In accordo ai risultati ricavati mediante fRMI, in compiti uditivi, tattili e di codifica verbale — ad esempio per i verbi di azione — (Bedny et al., 2011a), si è notato come le regioni corticali visive siano in grado di attivarsi e di formarsi pienamente. Tale affermazione si rivela molto notevole da un punto di vista sperimentale poiché non è molto distante dalla tesi che sostengono diversi ricercatori, cioè che il cervello è programmato a prescindere dagli input sensoriali ricevuti ed è capace di ricreare scene “visive”. Questo ci porta a pensare che le rappresentazioni mentali non siano strettamente ed esclusivamente dipendenti dalla modalità percettiva specifica. I concetti sarebbero immagazzinati in regioni cerebrali non percettive e sarebbero formati da caratteristiche astratte e simboliche (Mahon & Caramazza, 2008). Il concetto di ciliegia, ad esempio, appare non essere sostanzialmente diverso da quello che si creano i normo-vedenti; addirittura sembra che la stessa rappresentazione possa essere prodotta a partire da stimoli linguistici, e molte proprietà di un oggetto, come forma o consistenza, possono essere apprese ugualmente per via aptica.

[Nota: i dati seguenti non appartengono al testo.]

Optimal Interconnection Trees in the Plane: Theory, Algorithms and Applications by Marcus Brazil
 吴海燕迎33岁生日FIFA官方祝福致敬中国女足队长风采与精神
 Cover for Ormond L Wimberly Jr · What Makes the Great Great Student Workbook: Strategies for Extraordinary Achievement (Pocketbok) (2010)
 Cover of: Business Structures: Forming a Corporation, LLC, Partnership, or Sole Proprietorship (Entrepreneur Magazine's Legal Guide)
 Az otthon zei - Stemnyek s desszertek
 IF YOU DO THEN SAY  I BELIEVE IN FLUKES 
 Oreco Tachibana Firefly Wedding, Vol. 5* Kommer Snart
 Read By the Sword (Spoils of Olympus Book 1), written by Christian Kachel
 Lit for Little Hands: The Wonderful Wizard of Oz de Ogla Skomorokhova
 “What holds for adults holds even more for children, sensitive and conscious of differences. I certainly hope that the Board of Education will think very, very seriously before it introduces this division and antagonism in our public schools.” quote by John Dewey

La somiglianza tra immagini spaziali nei ciechi e nelle persone vedenti sarebbe un’ulteriore prova a supporto della loro natura sopra-modale. In particolare, si è osservato che anche in caso di cecità congenita è possibile avere contezza delle distanze, e addirittura una stima delle dimensioni, attivando dei meccanismi (probabilmente) “innati” di riconoscimento, i quali consentono di giudicare tali parametri semplicemente dai suoni prodotti da un oggetto. Questo aspetto potrebbe accomunarci ad alcuni animali che basano gran parte delle loro attività sessuali e di procacciamento sugli stimoli uditivi. Le galline ad esempio, attraverso dei particolari richiami comunicano ai propri conspecifici la posizione di una fonte di cibo e ne segnalano perfino la qualità. Un altro comportamento esibito da molti animali, e in particolar modo da alcuni uccelli (i garruli) è il mobbing, una pratica basata su segnali uditivi e indirizzata a indurre i predatori a desistere. I garruli

infatti per persuadere i predatori e difendere il loro territorio emettono delle fragorosissime vocalizzazioni.

Un caso altrettanto convincente è stato descritto da T. Fitch (2005) che ci porta l’esempio del cervo rosso. Le vocalizzazioni messe in atto dal cervo maschio durante il periodo riproduttivo servono per “fingere” di avere una stazza più grande, maggiormente apprezzata dalla femmina delle stessa specie, che stima uditivamente le sue dimensioni corporee e ne è particolarmente attratta (size exaggeration theory).

D’altro canto, come evidenziano molti studi etologici, nelle specie animali le possibilità di codificazione sono molto ampie, in quanto i suoni hanno una grande varietà di frequenza, intensità e modulazione. Negli insetti la maggior parte dei suoni è prodotta per percussione, mediante organi appositi, oppure per sfregamento di parti del corpo quali le ali. Nei vertebrati sono le vesciche d'aria a vibrare, oppure parti dello scheletro che vengono strofinate; gli uccelli, invece, usano camere e cavità risonanti e mettono in azione un organo caratteristico, molto simile alla nostra laringe, che si chiama siringe. In tutti questi casi gli stimoli uditivi diventano dei segnali carichi di significato (comunicativo) e assumono un’importanza unica.

Come si può constatare, gli studi etologici sono molto ricchi di esempi in grado di spiegarci chiaramente come funzionano i sistemi di riconoscimento, oltre a suggerirci quali sono gli elementi che più ci accomunano. L’aspetto più saliente di questo confronto è che gli input uditivi ricoprono uno status privilegiato sia per l’uomo sia per alcune specie animali. Nella specie umana, però, l’udito insieme alla vista giocano un ruolo chiave nella percezione linguistica, ed è questo uno dei tratti che più ci distinguono dagli altri animali da un punto di vista percettivo e neuro-cognitivo. Al riguardo ci sono alcuni esperimenti di integrazione visuo-acustica molto interessanti (discussi approfonditamente nel capitolo successivo) dai quali emerge come la produzione dei suoni articolati coinvolga non solo l’udito ma anche la vista.